Taking the invitation from the SupportPortal blog seriously, I called up for an appointment and got hooked up right away. I think the lady running the feedback session was working at home (heard a small child in the background), and she had some setup work to accomplish before we got down to it. But 90 minutes later I had made numerous observations about many aspects of the Software Configuration Manager and Metalink 3 in general. It was refreshing (and exhausting) to not only state some things I either liked or did not, but also to demonstrate via a recorded web session. Very satisfying; I recommend this to anyone who deals with metalink on a frequent basis.

So, what did I say? In general, I like the eye-candy of the new interface, but it is also a little slow and sometimes downright confusing. For instance, there is no way to bookmark bugs. The options to configure the layout are a nice thought, but still a little limited; it reminds me of how limited blogger is compared to WordPress, if that helps at all. Don't get me wrong, I think it is quite handy to configure the layout, but I really look forward to improvements. The key point, Software Configuration Manager, is a great concept. Unfortunately, I have some political roadblocks to fully utilizing SCM with my employer, which makes it a little frustrating when attempting to comment on the SCM because it is not SCM's fault at all. =) We require that we either have separate CSI numbers, or implement some sort of access to control such that not all our end-users have equal access to a site-wide license. But if we ignore that for a little while, I think SCM is awesome and has a lot of potential. Just the fact that it helps speed up SRs significantly is a big bonus. I have heard some misgivings about allowing Oracle to retrieve information in such a fashion, even if only passively, but I personally do not have an issue with it.

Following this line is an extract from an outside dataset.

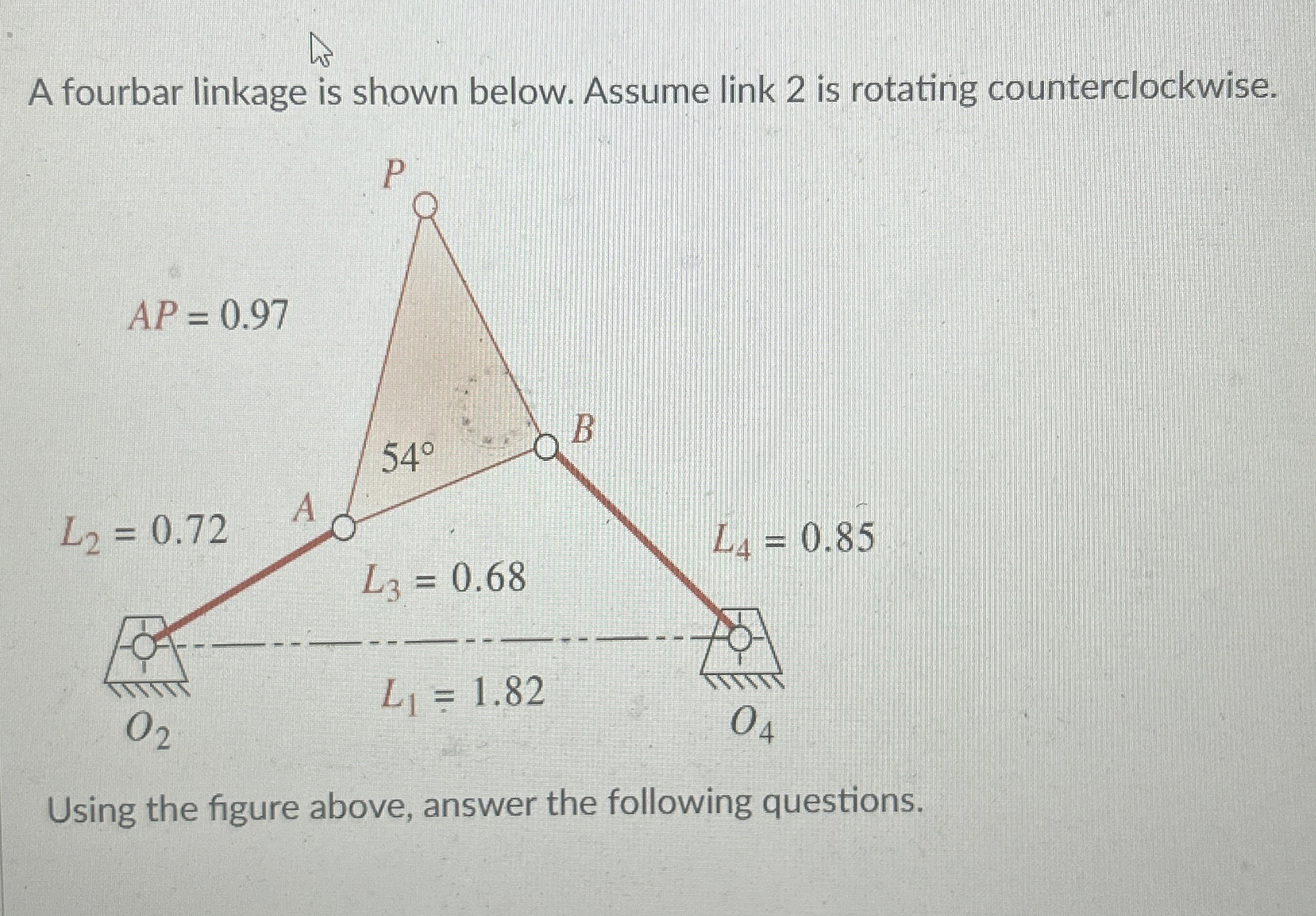 A fourbar linkage is shown below. Assume link 2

I do not like how some of the questions are completely inane. For instance, 99% of my SRs are for the Oracle Server - Enterprise Edition. 99% of the time I forget what exactly my "Product" is called and have to hunt for it amongst a list of several hundred product options, most of which we are not even licensed for. Why? What about a list of 10 most recent products for my CSI? What about a list that only contains products I am licensed for? And when attempting to find a category that somewhat matches the subject of an SR, I hate having to select one from the list of 30 or so. I want a searchable list. And a fast search at that; the LOVs in the patch pages really suck.

I concluded by saying that it would be vitally important to me see how Oracle is using this feedback. I have repeated this message to my Oracle contacts and with nearly all feedback I give to Oracle. I long to see what difference I make. Don't you?

Kudos to the teams involved in the feedback gathering operations. And BIG PROPS to Cheryl, Joey and Kristal (all of Oracle).